Wibmo payment gateway flaw: Transactions with same OTP

Payment gateways, such as Wibmo, CCAvenue, and PayUbiz, facilitate payments on thousands of online portals. And customers implicitly trust them to secure their transactions. But, as reported by a security researcher, a flaw in the logical design of a previous version of Wibmo payment gateway put its customers at risk. This was because the payment gateway did not distinguish between transactions initiated within the same time frame.

Payment gateways serve as a channel of communication, between merchants and banks, to conduct secure transactions. The gateway encrypts the transaction information, which includes the credit/debit card number, CVV, expiry date, etc. And passes on the information to the payment processor, which acts as the link between the user bank and merchant bank. The gateway confirms the payment, unless the information is incorrect. Then, the processor settles the payment with the merchant’s bank.

Flow of payment gateway transactions
Flow of payment gateway transactions

One Time Passwords for gateways

In order to secure transactions, 3-dimensional payment gateways add time-based One Time Passwords (OTPs) as an additional layer of authentication. The payment gateway only accepts time-based OTPs submitted within the permitted time frame. After which the OTP is not valid. Even though this additional layer of authentication should secure transactions, a vulnerable gateway, could reduce its efficacy. A payment gateway that is not able to distinguish between transactions, could permit unauthorized transactions.
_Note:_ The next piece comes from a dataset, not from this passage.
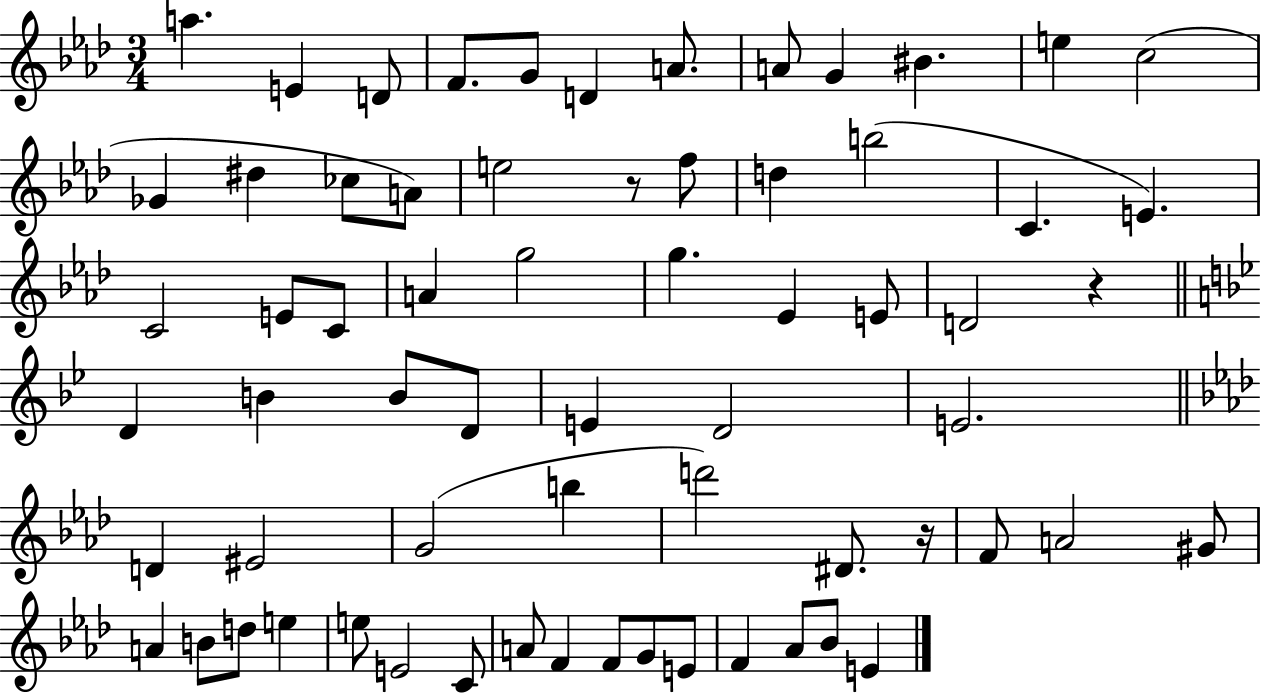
A5/q. E4/q D4/e F4/e. G4/e D4/q A4/e. A4/e G4/q BIS4/q. E5/q C5/h Gb4/q D#5/q CES5/e A4/e E5/h R/e F5/e D5/q B5/h C4/q. E4/q. C4/h E4/e C4/e A4/q G5/h G5/q. Eb4/q E4/e D4/h R/q D4/q B4/q B4/e D4/e E4/q D4/h E4/h. D4/q EIS4/h G4/h B5/q D6/h D#4/e. R/s F4/e A4/h G#4/e A4/q B4/e D5/e E5/q E5/e E4/h C4/e A4/e F4/q F4/e G4/e E4/e F4/q Ab4/e Bb4/e E4/q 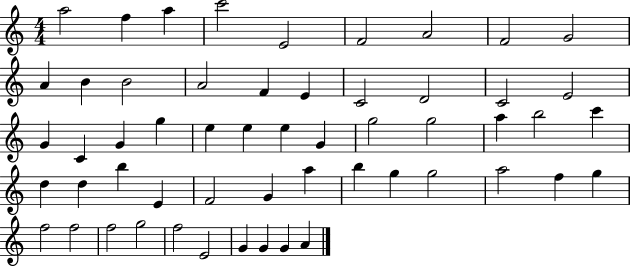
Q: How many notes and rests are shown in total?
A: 55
Flaw in the design of Wibmo Payment Gateway

  • Wibmo fails to distinguish between transactions processed during a single 180 second time frame.
  • So, the OTP generated for a transaction is valid for other transactions, in the same time period. Irrespective of the amount or geo-location.
  • This vulnerability increases the possibilities of a man-in-the-middle attack (MITM) by which the attacker forges the request. 
  • And if the OTP remains unused for the first few seconds or minutes, it allows attackers to conduct fraudulent transactions within the validity period of the OTP.

Explaining the flaw through a scenario

  • A user initiates a legitimate transaction for Re.1.
  • They receive an OTP, on their registered mobile number, which is valid for 180 seconds.
  • Before the user applies the OTP for that transaction, an attacker intercepts the OTP and uses it to process a transaction for Rs.1000. Irrespective of the attacker’s location, and transaction amount, the fraudulent transaction is considered legitimate. And the attacker successfully receives the amount.

    Wibmo payment gateway flaw: Sample scenario that exploits Wibmo flaw
    Sample scenario that exploits Wibmo flaw

Verification of the Wibmo Payment Gateway flaw

CloudSEK’s research team tested Wibmo with various banking systems to confirm the flaw. We found that the same OTP is valid for 180 seconds or more, for any transaction, provided the OTP has not been used already. The screenshots below prove the same:

Wibmo payment gateway flaw: Parallel transactions generating the same OTP
Parallel transactions generating the same OTP

Conclusion

With the increasing number of online transactions, flaws such as Wibmo’s make users vulnerable to threat actors. Apart from financial losses, it could impact the reputation of the payment gateway, and the online portals using it.

Note: Wibmo became aware of this flaw on the 3rd of August, 2019. The security team at Wibmo closed the issue and marked it as a known functionality on August 12, 2019. And publicly disclosed the flaw on August 25, 2019. Wibmo recommends that portals using its payment gateway should fix the vulnerability, to avoid security incidents.